# Whats the MIL mean when the light comes on?



## vwdude18 (Mar 15, 2010)

The other day i was driving home and this Malfunction Indicator Light came on. Car is still running great but what should i expect is wrong?


----------



## litesleeper (Sep 19, 2009)

*Re: Whats the MIL mean when the light comes on? (vwdude18)*

What car are you talking about?


----------



## vwdude18 (Mar 15, 2010)

*Re: Whats the MIL mean when the light comes on? (litesleeper)*

2.8l v6 03 jetta


----------



## walkingfool (Mar 24, 2008)

*Re: Whats the MIL mean when the light comes on? (vwdude18)*

I think you mean VR6, not V6? 
Anyway, there are literally thousands of codes. many of them could be related to the MIL coming on.
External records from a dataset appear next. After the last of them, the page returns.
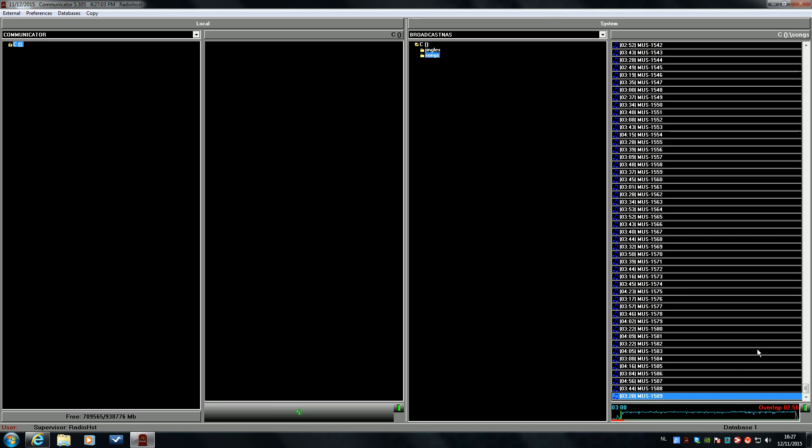Once the talk time is displayed, the system will count down to the overlap point. That's the point the next song will start in broadcast. In this case, we're completely done setting up the cue points to the song.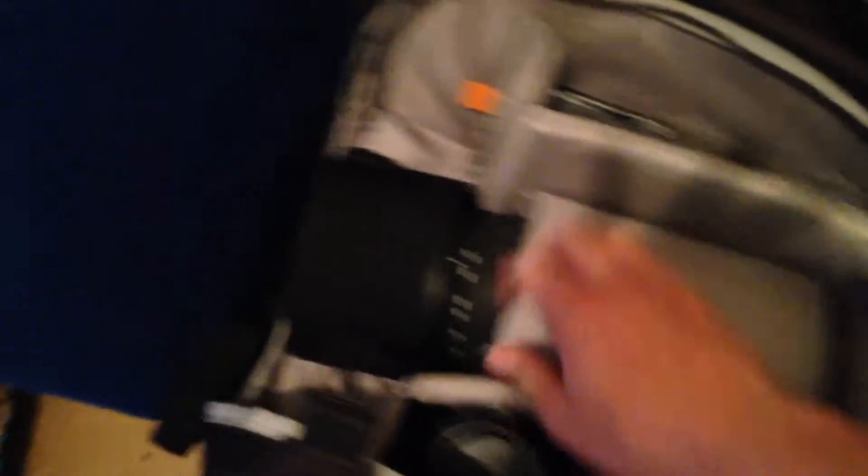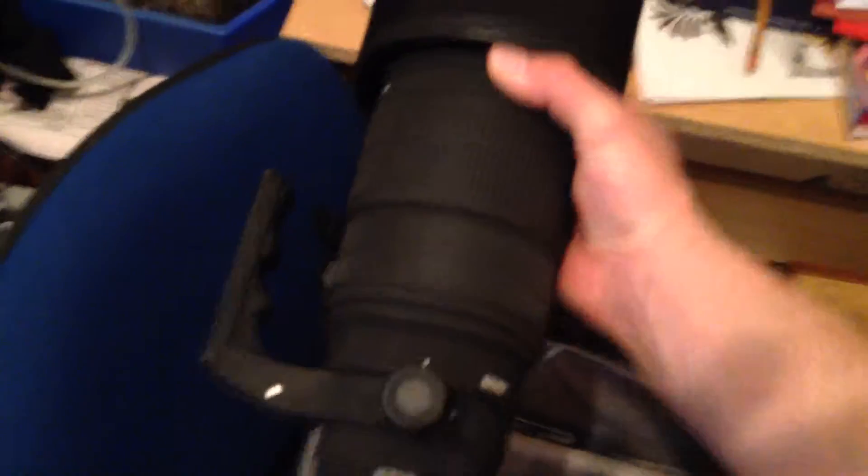Trying to pack my camera in the camera bag. I've got all this to pack with it: GoPro, Rogue Flash Bender, two lenses, third one here. It takes up the whole bag. Sigma 120-300.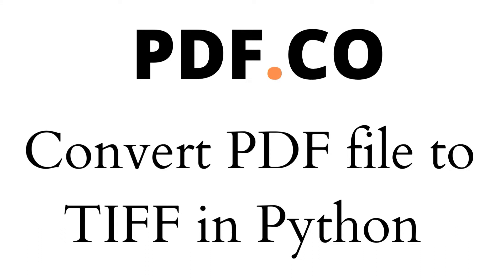Hi! Welcome to PDF.co. Today we will show you how to convert PDF files to TIFF in Python.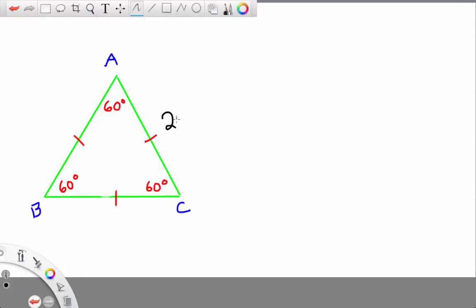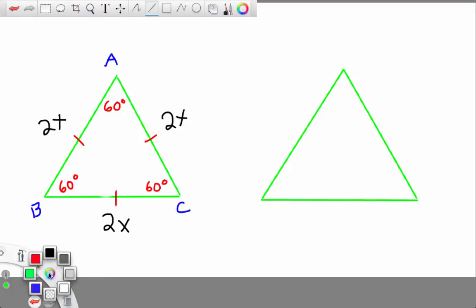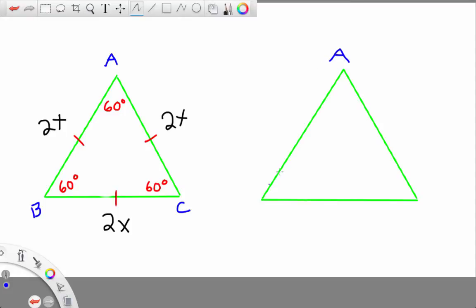I'm going to label the length of each side 2x — I will explain why shortly. Then I'm going to duplicate this triangle on the right as closely as possible so we can keep marking it up while still keeping it legible. Here is a rough copy with vertices A, B, and C, and I'm going to label the sides 2x and 2x, leaving the bottom one unlabeled for now.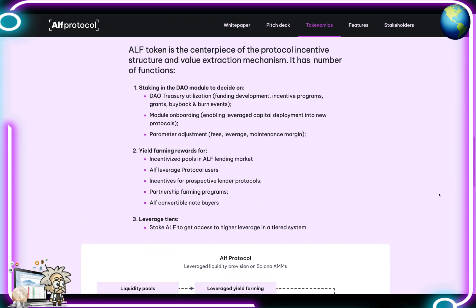The ALPH token is the centerpiece of the protocol's incentive structure and value extraction mechanism. Its functions include staking in the DAO module to decide on DAO treasury utilization — such as funding development, incentive programs, grants, buybacks, burn events, module onboarding, and enabling leverage capital deployment into new protocols. Additional functions include parameter adjustment for fees, leverage maintenance, and margin; yield farming rewards for incentivized pools; ALPH lending market user incentives; partnership farming programs; and leverage tier access — staking ALPH to get higher leverage in a tiered system.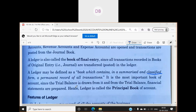A ledger may be defined as a book which contains in a summarized and classified form a permanent record of all transactions. It would be interesting to discuss with your parents how they do accounting in their business, so you get to know about practical life. The ledger is the most important book of account, since the trial balance is drawn from it and from the trial balance financial statements are prepared — hence the ledger is also called the principal book of account.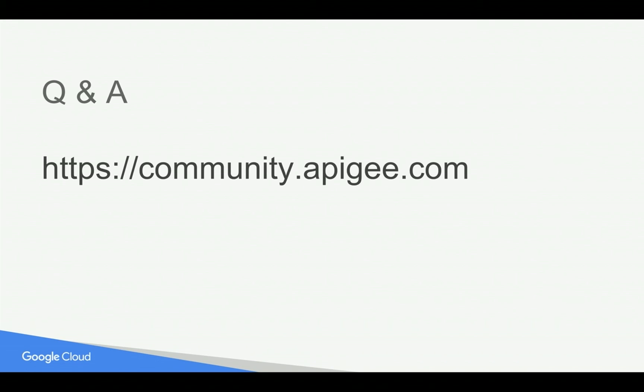Hope you have enjoyed this video. If you have any questions please feel free to post your questions in community.apigee.com. Subscribe to YouTube channel and share this video with your colleagues and friends.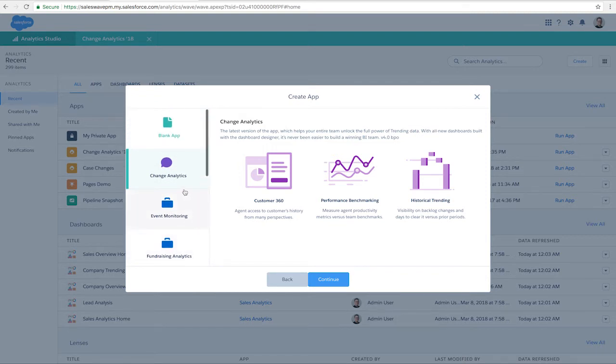Let's create a Change Analytics app. Similar to our previous templates, here you can see a description of what the template does.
Your dealer (or a friend with vag-com or VCDS) could scan it for you.


----------



## afawal (Oct 18, 2005)

*Re: Whats the MIL mean when the light comes on? (walkingfool)*

Don't go to the dealer, most car part stores will scan for free. Call the ones around you and ask them if they provide that service.
Get the code and come back and post it here. Sometimes it's very straight forward and the code speaks for itself. Other times, it's complicated and I'm sure many V-dubbers here will have many storeis to tell you.


----------